Tijdens die oorlog werden in de door Duitsland bezette landen de klokken om der wille van het metaal gevorderd. In Nederland werd dientengevolge 62 gewichtsprocent van het totale klokkenbezit van 3 400 000 kg verwijderd. Hiervan is na die oorlog slechts een klein gedeelte teruggevonden. Van de 75 Nederlandse carillons werden er 18 gevorderd die niet zijn teruggevonden; 43 werden er behouden, resp. gevorderd en teruggevonden; 8 zijn slechts gedeeltelijk teruggevonden; 6 werden vernield door oorlogshandelingen. In België werd 70 pct van het totale klokkengewicht van 4670000 kg gevorderd; hiervan is 19 pct teruggevonden. De 51 Belgische carillons bleven grotendeels gespaard, slechts van 5 werden de grootste klokken verwijderd.

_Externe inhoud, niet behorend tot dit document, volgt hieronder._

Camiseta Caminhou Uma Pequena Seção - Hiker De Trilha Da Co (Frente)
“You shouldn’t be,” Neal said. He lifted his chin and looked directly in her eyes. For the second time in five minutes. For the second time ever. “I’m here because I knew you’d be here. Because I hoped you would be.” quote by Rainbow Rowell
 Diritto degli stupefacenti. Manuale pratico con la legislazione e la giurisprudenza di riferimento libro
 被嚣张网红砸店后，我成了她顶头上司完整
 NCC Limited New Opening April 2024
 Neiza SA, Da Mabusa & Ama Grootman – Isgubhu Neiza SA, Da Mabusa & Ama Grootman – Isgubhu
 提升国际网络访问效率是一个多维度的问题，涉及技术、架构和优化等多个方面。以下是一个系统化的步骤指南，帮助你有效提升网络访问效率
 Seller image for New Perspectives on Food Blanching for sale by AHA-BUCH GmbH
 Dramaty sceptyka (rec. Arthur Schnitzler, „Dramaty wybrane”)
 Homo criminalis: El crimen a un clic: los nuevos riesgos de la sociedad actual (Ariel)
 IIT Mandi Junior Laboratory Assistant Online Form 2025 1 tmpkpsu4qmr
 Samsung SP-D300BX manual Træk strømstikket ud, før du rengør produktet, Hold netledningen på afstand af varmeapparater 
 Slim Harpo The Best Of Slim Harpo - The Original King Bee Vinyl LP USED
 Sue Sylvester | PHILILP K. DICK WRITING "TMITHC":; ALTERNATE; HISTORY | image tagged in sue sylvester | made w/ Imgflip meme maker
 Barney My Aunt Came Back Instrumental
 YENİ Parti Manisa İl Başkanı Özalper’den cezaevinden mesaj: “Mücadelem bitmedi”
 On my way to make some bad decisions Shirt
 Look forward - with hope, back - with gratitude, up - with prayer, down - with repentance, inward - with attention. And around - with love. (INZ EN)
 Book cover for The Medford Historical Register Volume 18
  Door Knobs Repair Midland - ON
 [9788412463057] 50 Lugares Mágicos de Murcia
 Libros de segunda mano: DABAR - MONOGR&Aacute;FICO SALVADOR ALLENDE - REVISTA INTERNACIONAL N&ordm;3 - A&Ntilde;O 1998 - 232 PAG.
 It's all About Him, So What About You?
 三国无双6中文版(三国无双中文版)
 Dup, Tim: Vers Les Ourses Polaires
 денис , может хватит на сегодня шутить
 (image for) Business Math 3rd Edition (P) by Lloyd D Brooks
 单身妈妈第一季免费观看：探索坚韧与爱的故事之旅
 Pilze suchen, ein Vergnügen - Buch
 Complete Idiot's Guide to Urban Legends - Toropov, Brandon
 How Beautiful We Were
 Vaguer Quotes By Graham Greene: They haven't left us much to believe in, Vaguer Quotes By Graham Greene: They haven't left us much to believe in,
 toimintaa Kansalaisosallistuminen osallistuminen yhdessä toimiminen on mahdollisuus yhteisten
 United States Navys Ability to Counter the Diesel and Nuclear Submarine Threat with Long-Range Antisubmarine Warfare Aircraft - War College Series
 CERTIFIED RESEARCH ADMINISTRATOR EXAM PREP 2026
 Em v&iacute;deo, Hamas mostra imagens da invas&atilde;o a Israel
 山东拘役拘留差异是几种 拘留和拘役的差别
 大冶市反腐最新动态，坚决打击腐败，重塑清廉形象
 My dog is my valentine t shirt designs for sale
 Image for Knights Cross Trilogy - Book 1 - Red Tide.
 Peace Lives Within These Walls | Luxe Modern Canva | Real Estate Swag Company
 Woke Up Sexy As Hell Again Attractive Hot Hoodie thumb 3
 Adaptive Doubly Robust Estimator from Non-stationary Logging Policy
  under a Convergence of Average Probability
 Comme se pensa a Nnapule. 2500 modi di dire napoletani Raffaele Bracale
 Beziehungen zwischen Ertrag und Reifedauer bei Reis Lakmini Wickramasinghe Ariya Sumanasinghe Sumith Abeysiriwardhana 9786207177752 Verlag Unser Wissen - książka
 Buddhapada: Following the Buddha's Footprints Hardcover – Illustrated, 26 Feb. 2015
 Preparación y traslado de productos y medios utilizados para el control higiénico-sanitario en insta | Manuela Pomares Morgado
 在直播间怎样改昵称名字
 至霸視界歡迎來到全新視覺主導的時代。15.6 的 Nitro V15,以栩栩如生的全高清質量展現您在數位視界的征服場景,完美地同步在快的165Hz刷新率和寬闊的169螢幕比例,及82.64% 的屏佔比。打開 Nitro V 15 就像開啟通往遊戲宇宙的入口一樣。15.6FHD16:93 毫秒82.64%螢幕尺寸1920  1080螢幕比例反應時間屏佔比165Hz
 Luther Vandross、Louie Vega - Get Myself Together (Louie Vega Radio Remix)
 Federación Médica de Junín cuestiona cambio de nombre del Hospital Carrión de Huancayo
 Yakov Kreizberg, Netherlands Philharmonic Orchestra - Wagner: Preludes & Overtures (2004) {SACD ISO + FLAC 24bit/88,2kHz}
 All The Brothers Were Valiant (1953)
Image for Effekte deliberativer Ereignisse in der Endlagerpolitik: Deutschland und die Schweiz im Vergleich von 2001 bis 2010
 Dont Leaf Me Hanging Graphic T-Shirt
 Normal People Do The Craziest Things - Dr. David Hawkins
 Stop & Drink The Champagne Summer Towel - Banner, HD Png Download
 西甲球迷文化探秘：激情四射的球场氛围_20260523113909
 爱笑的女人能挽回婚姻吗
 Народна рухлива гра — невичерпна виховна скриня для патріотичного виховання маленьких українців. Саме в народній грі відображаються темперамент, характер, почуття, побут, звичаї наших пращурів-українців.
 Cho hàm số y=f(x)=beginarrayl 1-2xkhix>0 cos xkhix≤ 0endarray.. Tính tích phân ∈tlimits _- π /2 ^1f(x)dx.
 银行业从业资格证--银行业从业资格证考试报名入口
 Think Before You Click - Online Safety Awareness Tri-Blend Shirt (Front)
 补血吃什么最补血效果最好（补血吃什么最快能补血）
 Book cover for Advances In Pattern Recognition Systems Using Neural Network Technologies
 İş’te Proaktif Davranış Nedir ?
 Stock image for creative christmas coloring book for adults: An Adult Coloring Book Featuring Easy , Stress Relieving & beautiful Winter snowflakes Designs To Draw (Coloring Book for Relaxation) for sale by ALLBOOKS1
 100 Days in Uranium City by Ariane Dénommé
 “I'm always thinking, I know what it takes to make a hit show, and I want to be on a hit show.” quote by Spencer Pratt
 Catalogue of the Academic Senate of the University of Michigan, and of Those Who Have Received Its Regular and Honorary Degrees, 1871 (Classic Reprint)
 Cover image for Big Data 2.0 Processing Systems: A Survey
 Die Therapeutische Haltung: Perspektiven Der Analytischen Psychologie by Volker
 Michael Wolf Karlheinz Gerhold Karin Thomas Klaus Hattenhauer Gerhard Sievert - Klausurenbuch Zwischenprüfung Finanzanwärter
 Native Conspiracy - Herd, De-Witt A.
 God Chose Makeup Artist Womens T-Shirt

De teruggevonden klokken, die in opslagplaatsen waren verzameld, gaven de mogelijkheid wetenschappelijk onderzoek hieraan te verrichten. In Nederland werd dit werk gedaan aan de Technische Hogeschool te Delft. Als resultaat van dit werk zijn thans twee Nederlandse gieters er toe overgegaan moderne electroacoustische apparaturen te gebruiken, waardoor de controle van de stemming, ook voor de hoge tonen, met aanzienlijk grotere precisie mogelijk is.

DR IR E. W. VAN HEUVEN

Lit.: K. Walter, Glockenkunde (1913); D. J. v. d. Ven, De torens zingen (1916); J. Pesch, Die Glocke in Gesch., Sage u.s.w. (1919); E. Erdmann, Glockensagen (1931); A. L. Bigelon, Carillon (1948); Price, Campanology Europe 1945-’47 (Ann Arbor 1948); E. W. van Heuven, Acoustical Measurements on GhurchBells and Carillons, diss Delft (1949); Ernest Morris, Bells of All Nations (1951).